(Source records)
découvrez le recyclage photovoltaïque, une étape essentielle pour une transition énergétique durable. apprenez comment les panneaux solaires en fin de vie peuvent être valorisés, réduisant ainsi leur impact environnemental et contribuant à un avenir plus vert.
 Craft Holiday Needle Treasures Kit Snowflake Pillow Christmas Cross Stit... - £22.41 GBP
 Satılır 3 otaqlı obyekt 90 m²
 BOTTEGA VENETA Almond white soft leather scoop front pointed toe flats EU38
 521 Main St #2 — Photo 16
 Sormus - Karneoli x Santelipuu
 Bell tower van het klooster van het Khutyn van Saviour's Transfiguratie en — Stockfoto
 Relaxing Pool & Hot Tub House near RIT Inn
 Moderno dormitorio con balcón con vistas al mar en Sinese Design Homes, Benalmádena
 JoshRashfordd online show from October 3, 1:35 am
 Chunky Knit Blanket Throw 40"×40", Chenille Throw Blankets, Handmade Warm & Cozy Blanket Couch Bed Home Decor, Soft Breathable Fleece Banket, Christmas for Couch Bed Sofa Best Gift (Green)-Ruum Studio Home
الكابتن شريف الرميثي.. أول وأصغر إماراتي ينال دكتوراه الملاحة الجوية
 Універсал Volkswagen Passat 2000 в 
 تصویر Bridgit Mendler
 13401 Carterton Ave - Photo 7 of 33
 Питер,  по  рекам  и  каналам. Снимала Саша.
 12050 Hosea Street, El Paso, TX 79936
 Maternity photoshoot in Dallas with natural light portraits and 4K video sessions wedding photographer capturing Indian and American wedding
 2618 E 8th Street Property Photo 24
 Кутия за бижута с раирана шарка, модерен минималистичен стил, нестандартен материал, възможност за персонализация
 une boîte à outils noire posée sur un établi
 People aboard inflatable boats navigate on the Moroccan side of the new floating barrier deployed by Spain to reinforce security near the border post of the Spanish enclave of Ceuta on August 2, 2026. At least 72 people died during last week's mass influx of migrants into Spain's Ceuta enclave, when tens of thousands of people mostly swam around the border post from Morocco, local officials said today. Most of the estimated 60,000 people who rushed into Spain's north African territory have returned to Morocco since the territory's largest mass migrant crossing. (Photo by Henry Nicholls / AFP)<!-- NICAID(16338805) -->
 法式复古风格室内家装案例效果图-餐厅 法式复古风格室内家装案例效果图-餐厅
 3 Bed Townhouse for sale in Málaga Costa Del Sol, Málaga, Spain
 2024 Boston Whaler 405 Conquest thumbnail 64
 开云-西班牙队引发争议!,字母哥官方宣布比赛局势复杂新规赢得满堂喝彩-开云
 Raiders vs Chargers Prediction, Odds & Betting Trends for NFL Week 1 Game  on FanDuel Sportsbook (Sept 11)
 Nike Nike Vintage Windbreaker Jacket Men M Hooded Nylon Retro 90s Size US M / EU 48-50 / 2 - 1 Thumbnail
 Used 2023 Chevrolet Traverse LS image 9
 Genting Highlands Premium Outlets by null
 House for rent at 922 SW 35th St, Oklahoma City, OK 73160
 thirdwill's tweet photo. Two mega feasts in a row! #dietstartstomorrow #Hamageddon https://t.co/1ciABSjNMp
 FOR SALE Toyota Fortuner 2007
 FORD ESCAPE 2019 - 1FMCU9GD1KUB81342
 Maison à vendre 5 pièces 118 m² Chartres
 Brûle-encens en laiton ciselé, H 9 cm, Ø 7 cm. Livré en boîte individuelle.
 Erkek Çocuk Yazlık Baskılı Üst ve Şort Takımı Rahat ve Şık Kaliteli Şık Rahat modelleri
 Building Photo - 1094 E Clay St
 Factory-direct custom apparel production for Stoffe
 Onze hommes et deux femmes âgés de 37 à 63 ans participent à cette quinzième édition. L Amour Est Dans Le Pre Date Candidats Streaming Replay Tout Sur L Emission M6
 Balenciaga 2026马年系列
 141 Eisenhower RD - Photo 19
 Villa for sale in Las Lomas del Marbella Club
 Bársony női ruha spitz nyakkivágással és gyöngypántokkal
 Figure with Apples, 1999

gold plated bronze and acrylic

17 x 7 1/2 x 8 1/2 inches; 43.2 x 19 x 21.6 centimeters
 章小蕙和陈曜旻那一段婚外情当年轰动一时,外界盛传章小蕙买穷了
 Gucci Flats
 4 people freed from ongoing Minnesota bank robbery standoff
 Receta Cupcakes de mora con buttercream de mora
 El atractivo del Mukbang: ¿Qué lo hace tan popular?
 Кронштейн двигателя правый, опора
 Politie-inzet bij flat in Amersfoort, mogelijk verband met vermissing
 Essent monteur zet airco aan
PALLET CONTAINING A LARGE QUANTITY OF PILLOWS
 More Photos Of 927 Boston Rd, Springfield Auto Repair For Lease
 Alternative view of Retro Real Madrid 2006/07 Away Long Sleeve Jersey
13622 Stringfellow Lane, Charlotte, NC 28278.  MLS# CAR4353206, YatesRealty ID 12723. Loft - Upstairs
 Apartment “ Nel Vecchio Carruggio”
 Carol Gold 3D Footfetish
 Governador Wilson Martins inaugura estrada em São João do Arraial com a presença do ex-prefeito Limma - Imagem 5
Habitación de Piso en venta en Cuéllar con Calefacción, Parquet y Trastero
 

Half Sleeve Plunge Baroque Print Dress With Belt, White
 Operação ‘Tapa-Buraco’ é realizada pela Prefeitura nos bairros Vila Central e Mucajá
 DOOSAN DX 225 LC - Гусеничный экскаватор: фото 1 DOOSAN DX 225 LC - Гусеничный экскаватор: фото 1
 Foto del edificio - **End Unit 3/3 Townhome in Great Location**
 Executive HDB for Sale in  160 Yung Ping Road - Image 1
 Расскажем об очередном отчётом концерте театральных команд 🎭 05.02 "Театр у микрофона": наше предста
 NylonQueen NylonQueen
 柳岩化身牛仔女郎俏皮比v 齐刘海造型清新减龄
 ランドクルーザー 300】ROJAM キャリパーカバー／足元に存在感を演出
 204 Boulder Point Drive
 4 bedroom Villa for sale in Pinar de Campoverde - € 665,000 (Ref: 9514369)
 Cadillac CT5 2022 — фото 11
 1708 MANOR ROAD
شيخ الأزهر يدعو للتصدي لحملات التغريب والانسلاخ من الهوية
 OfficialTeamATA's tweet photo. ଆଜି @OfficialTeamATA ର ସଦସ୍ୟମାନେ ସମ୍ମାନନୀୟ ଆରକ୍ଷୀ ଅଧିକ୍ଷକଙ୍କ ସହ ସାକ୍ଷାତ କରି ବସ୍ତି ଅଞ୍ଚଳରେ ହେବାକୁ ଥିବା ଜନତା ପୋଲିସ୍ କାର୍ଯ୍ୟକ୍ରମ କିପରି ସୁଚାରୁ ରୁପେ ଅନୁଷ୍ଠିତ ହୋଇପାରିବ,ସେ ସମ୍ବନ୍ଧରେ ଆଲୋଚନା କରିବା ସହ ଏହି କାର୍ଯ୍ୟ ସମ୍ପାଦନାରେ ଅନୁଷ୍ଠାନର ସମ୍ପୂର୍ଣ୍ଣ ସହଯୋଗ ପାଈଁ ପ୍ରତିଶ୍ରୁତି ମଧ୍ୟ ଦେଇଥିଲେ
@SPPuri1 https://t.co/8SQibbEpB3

## YOUR INSTRUCTIONS
For the word "Christmas", return every line of the records that holds it.

## YOUR SOLUTION
 Craft Holiday Needle Treasures Kit Snowflake Pillow Christmas Cross Stit... - £22.41 GBP
 Chunky Knit Blanket Throw 40"×40", Chenille Throw Blankets, Handmade Warm & Cozy Blanket Couch Bed Home Decor, Soft Breathable Fleece Banket, Christmas for Couch Bed Sofa Best Gift (Green)-Ruum Studio Home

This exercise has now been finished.